A social historian, Rediker's subject is not only the
ships—vessels of such terror they had to be outfitted
with special netting to prevent the desperate Africans
from throwing themselves overboard—but the kidnapped
Africans and their many individual histories and attempts
at resistance; the common sailors who were their prison
guards, tormentors and sometime fellow victims; and
the necessarily brutal ships' captains who were the
agents of a new global capitalism made possible by the
trade in human life.
"One of the things I wanted to do in this book
was to make our understanding of the slave trade concrete—hence,
my subtitle, 'a human history'—because I think
our capacity to live with injustice depends to some
extent on making it abstract," said Rediker, whose
fierce opposition to the death penalty was the inspiration
for The Slave Ship and its exploration of what
he describes as the historic connection between race
and terror. "The George Washington Book Prize is
a tremendous honor, and a surprise. I grew up in the
South, went to high school in Virginia, so George Washington
and the Virginia aristocracy always loomed large in
my mind. It's where I first came to understand issues
of race and class and I've been working on them ever
since."
Presented to Rediker at a black-tie dinner attended
by some 200 luminaries from the worlds of book publishing,
politics, journalism and academia, the George Washington
Book Prize includes a medal and $50,000—making
it one of the largest history awards in the country.

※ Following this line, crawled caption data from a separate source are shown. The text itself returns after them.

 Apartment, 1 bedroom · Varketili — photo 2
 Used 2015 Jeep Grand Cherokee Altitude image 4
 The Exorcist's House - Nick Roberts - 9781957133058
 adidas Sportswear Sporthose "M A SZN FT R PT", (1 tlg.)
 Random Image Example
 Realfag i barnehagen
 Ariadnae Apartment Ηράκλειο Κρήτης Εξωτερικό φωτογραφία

Complete with fireworks and candlelit tours of Washington's
Mansion, the Mount Vernon event also celebrated the
works of the two other finalists: Woody Holton for Unruly
Americans and the Origins of the Constitution (Hill
and Wang) and Jon Latimer for 1812: War with America
(Belknap/Harvard). The books were selected by a three-person
jury of distinguished American historians, including
Robert L. Middlekauff of the University of California
at Berkeley, chair; Elizabeth A. Fenn of Duke University;
and Andrew Jackson O'Shaughnessy, director of Monticello's
International Center for Jefferson Studies and professor
of history at the University of Virginia.
In their report on the winning entry, the jurors wrote
that "Rediker shares one quality with the demographers
who study the slave trade, he respects evidence and
uses it in the telling of slave history. But it is not
the numbers of people that interest him (though he reports
the horrifying figures demographers give on the extent
of the trade), it is the experience of these people.

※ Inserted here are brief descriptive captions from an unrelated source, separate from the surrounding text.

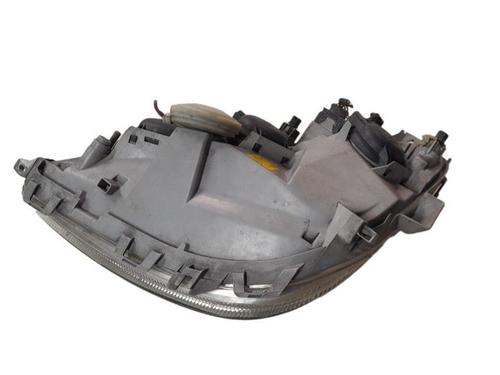 Used Right headlight Right headlight MERCEDES-BENZ A-CLASS (W168) A 160 (168.033, 168.133) (102 hp) 33978784 33978784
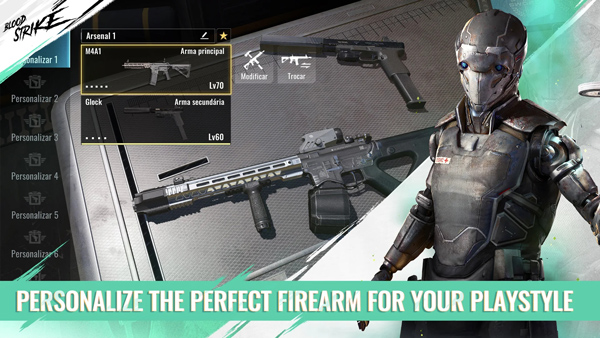 代号血战2024最新版截图 代号血战2024最新版截图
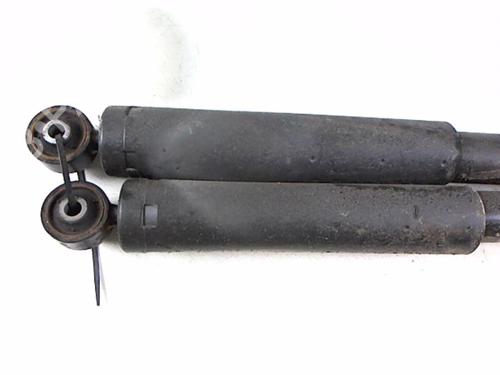 Right rear shock absorber FIAT DOBLO Cargo (263_) 1.3 D Multijet | BP20449240M19 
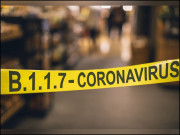 کووڈ 19 کی برطانوی قسم موجودہ ویکسین کی افادیت کم کرسکتی ہے پاکستانی تحقیق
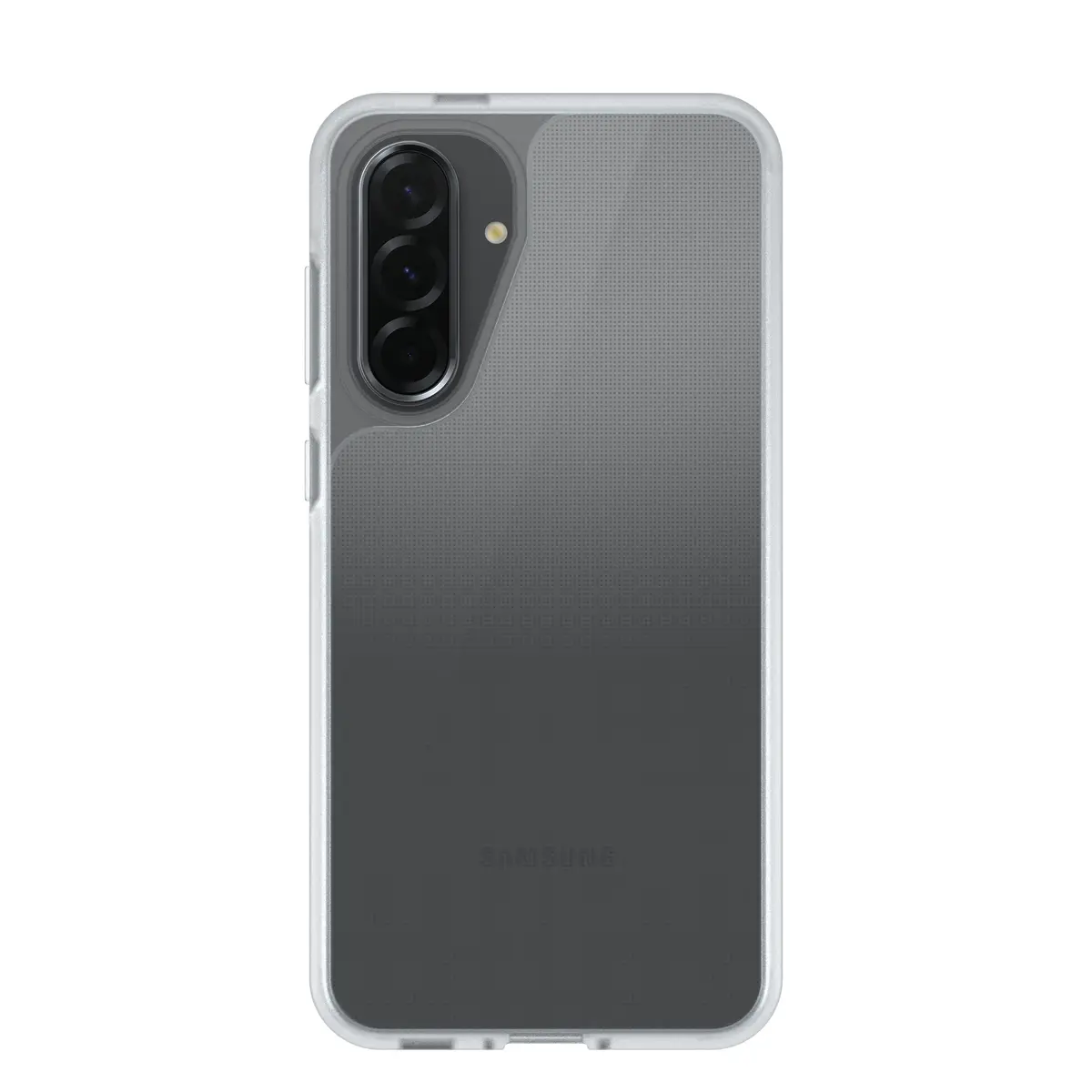 React Series Handyhülle klar für Samsung Galaxy A36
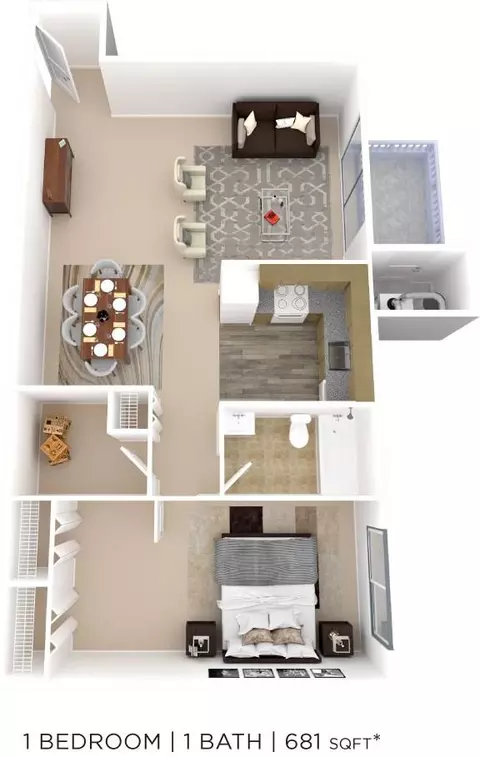 469 Glen Mar Rd #A3, Glen Burnie, MD 21061
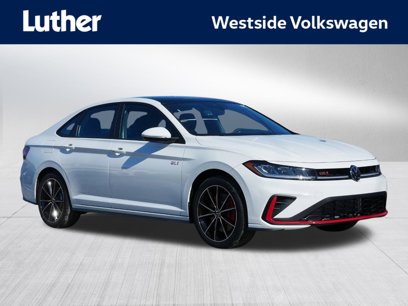 New 2025 Volkswagen Jetta GLI Autobahn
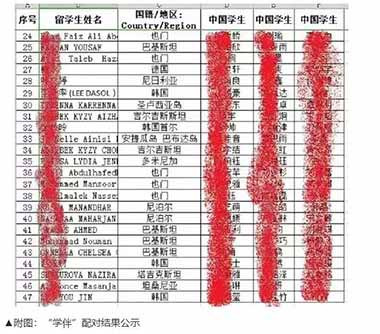 招收留学生在大部分学校才刚刚启动，还处于低价促销阶段，等过了这个阶段，就会进入收割利润阶段，这就类似于现在的中国留学生去英美留学一样。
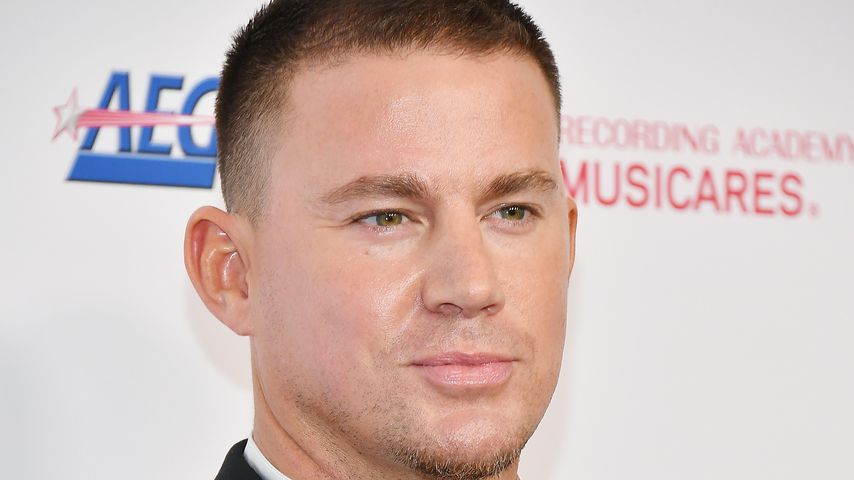 Channing Tatum, TV-Bekanntheit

His is a 'human history,' his book's subtitle that may
seem redundant, but isn't. Virtually every aspect of
the story of where the slaves were from, how they were
captured and imprisoned, transported to slave ships,
and their treatment on board is covered... Along the
way the reader learns much, not only about the slaves
but also about the men who owned the ships and ran them...

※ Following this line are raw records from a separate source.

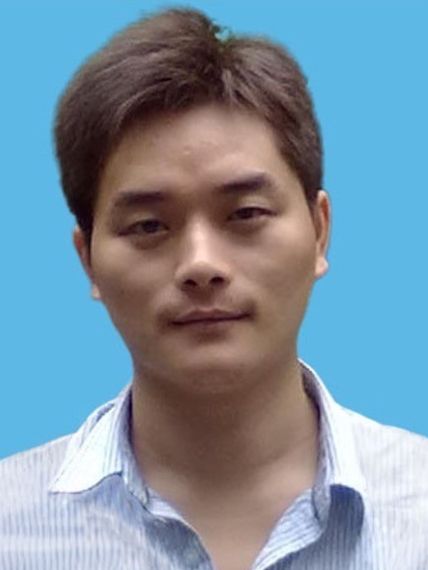 Profile picture Ruijiao Dong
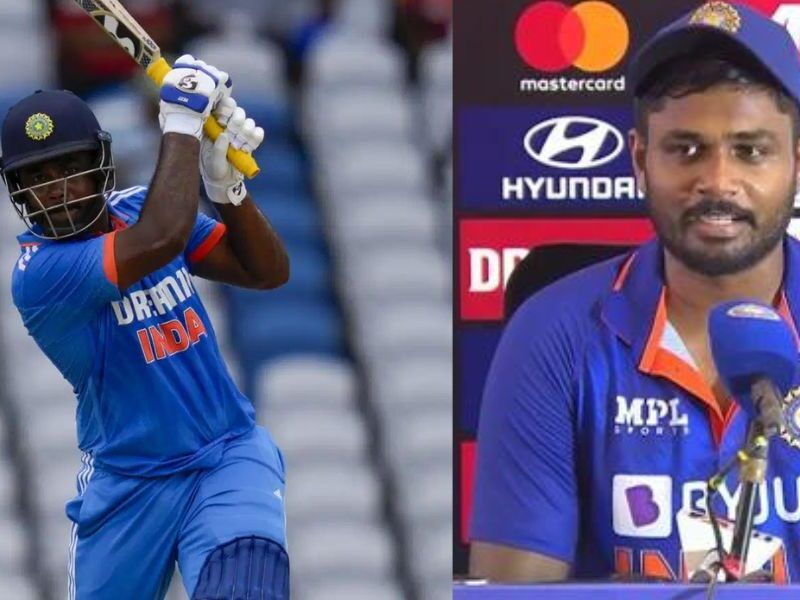 Sanju Samson May Retire From Team India After Asia Cup 2023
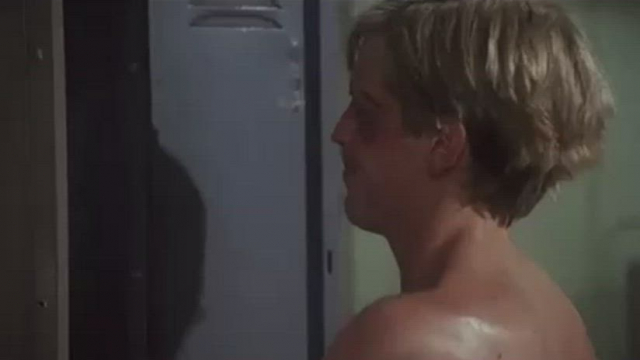 Kaki Hunter -Porkys (1981)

Rediker describes his book as 'painful'; it was surely
painful to write. Despite the emotional cost to its
author, it is beautifully written. Indeed the book is,
in its use of evidence and its determination to expose
the bleakness of the slave experience, evocative and
moving, and deeply instructive in unsuspected ways."
Rediker's book was named the winner by a panel of two
representatives from each of the three institutions
that created and sponsor the prize—Washington
College in Chestertown, Maryland; the Gilder Lehrman
Institute of American History in New York City; and
the Mount Vernon Ladies' Association—plus historian
Patricia Bonomi of New York University.
"For more than 200 years, Americans have been
engaged in an ongoing—and sometimes contentious—conversation
about the meaning and significance of our founding era,"
said Adam Goodheart, Hodson Trust-Griswold director
of Washington College's C.V. Starr Center for the Study
of the American Experience, which administers the prize.
"The George Washington Book Prize honors books
that contribute fresh insights to that national conversation,
and that approach history as a literary art. Rediker's
book succeeds marvelously on both counts: it is a majestic,
even poetic book, profoundly moral but never moralistic,
and suffused with a sense of deep human sympathy."
"Marcus Rediker's The Slave Ship is a
brilliant, exhaustive and deeply humane work of scholarship,
which, although it is a history that encompasses every
country in the Atlantic World, nonetheless shaped the
Founding Era in profound ways," said James G. Basker,
President of the Gilder Lehrman Institute of American
History. "The legacy of this history remains one
of our challenges in America today."
Created in 2005, the George Washington Book Prize was
awarded in its inaugural year to Ron Chernow for Alexander
Hamilton and in 2006 to Stacy Schiff for A
Great Improvisation: Franklin, France, and the Birth
of America. This is the second time it has been
awarded for a book on the slave trade—last year
it went to Charles Rappleye for Sons of Providence:
The Brown Brothers, the Slave Trade, and the American
Revolution.
About the Sponsors of the George Washington Book Prize
Washington College was founded in 1782, the first institution
of higher learning established in the new republic.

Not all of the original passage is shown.